2. Persistent error log
Every uncaught (and significant caught) exception logs to Error_Log__c:
Error_Log__c log = new Error_Log__c(
Class__c = 'OrderProcessor',
Method__c = 'processOrder',
Message__c = e.getMessage(),
Stack_Trace__c = e.getStackTraceString(),
Record_Id__c = recordId,
User_Id__c = UserInfo.getUserId(),
Timestamp__c = DateTime.now()
);
insert log;Persistent record survives transactions; queryable for forensics; reportable.
3. Retry with exponential backoff
For transient failures (HTTP timeout, SOQL row lock):
public class RetryableJob implements Queueable, Database.AllowsCallouts {
private Integer attempt;
private Id recordId;
private static final Integer MAX_ATTEMPTS = 5;
public void execute(QueueableContext ctx) {
try {
doWork(recordId);
} catch (CalloutException e) {
if (attempt < MAX_ATTEMPTS) {
Integer delaySec = (Integer) Math.pow(2, attempt) * 60; // exponential backoff
System.scheduleBatch(new RetryableJob(recordId, attempt + 1), delaySec / 60);
} else {
sendToDeadLetter(recordId, e);
}
}
}
}Each retry waits longer. After max attempts, give up and route to dead-letter.
4. Dead-letter queue
Failed jobs that exhausted retries go to Dead_Letter__c records. Admins review manually:
private static void sendToDeadLetter(Id recordId, Exception e) {
Dead_Letter__c dl = new Dead_Letter__c(
Original_Record_Id__c = recordId,
Error__c = e.getMessage(),
Last_Attempt__c = DateTime.now(),
Status__c = 'Pending Review'
);
insert dl;
notifyAdmins(dl);
}Admins can manually retry (mark Status='Retry' which a flow re-enqueues) or mark as resolved.

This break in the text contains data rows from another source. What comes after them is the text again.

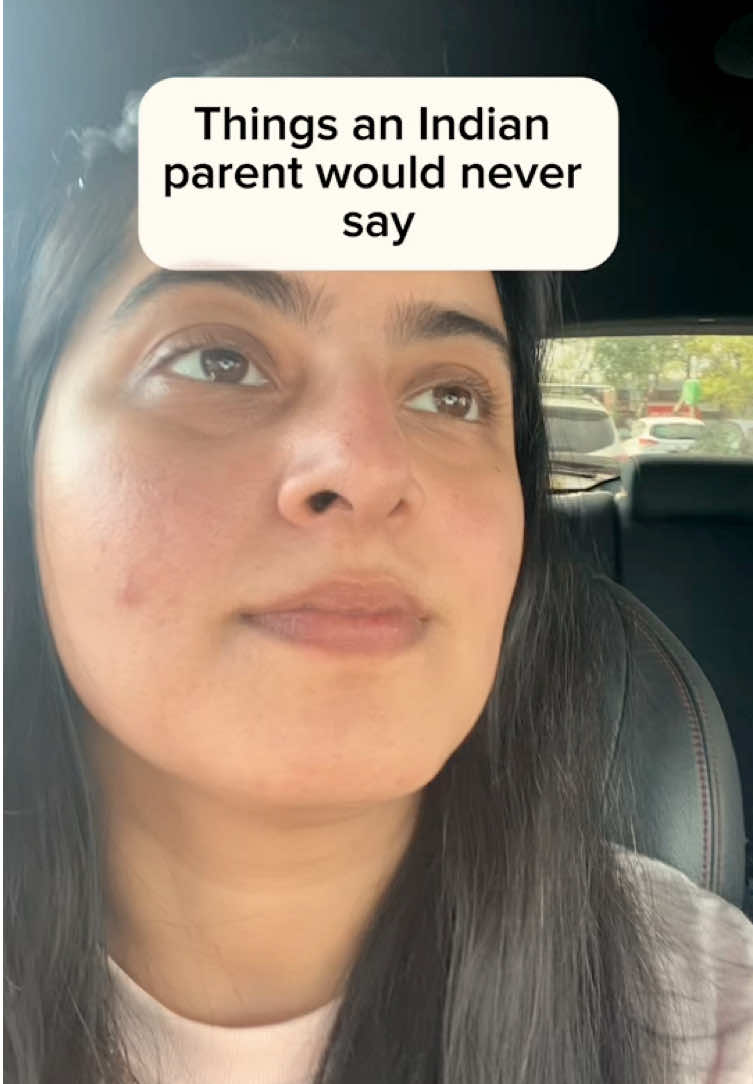 @Callmerosh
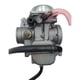 thumbnail image 1 of Riwesomey Máquina cortadora de carburador, motor de línea de combustión de carburador, herramientas eléctricas, piezas de cortacésped de Metal, Vehículos, repuestos y accesorios Mis Riwesomey VI018411-00, 1 of 6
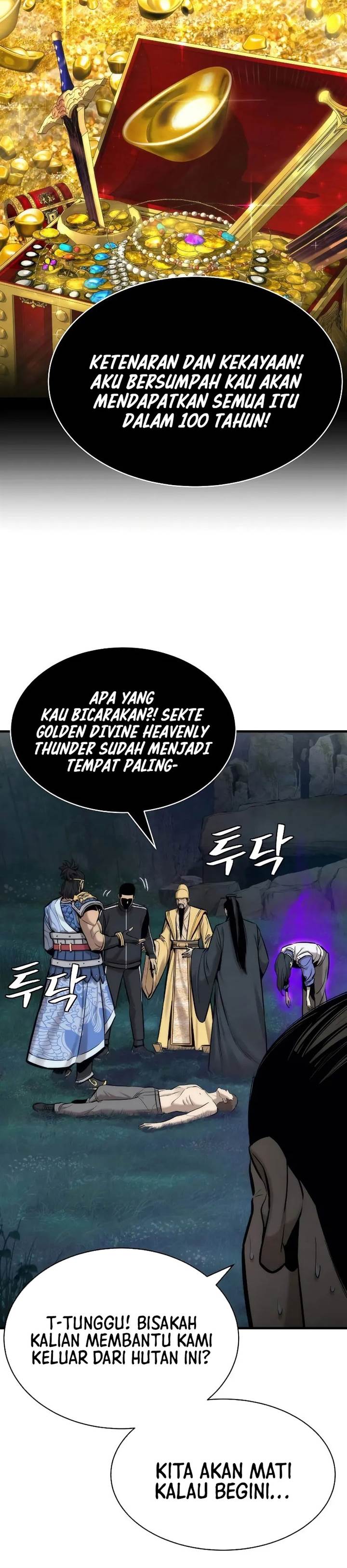 image-komik-a-regressors-tale-of-cultivation-chapter-3-36/52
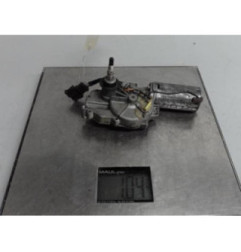 Moteur essuie glace arriere VOLKSWAGEN GOLF 3 Photo n°1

5. Alerts and notifications
- Email alert for high-priority errors.
- Custom Notification to the operator.
- Slack/Teams webhook for ops channel.
- Aggregated daily digest for low-priority errors.
6. Circuit breaker pattern
If an external service is consistently failing, stop trying for a while:
public class CircuitBreaker {
public static Boolean isOpen(String serviceName) {
Circuit__c c = [SELECT Failure_Count__c, Open_Until__c FROM Circuit__c WHERE Name=:serviceName LIMIT 1];
return c.Open_Until__c != null && c.Open_Until__c > DateTime.now();
}
public static void recordFailure(String serviceName) {
// increment failure count; if > threshold, open circuit for 5 mins
}
}Saves API quota and avoids piling up errors during a known outage.
7. Idempotency
Every retry-able operation must be safe to repeat. Use idempotency keys (e.g., External Id) so the same insert doesn't create duplicates.
8. Observability
- Dashboards showing error rate by class/method.
- Trend reports — error rate going up?
- Error log retention — old logs purge, or archive to Big Object.
9. Runbook for operators
Document: "When this error happens, here's how to fix it." Saves hours during incidents.
A mature error architecture turns failures into a manageable ops experience, not midnight pages.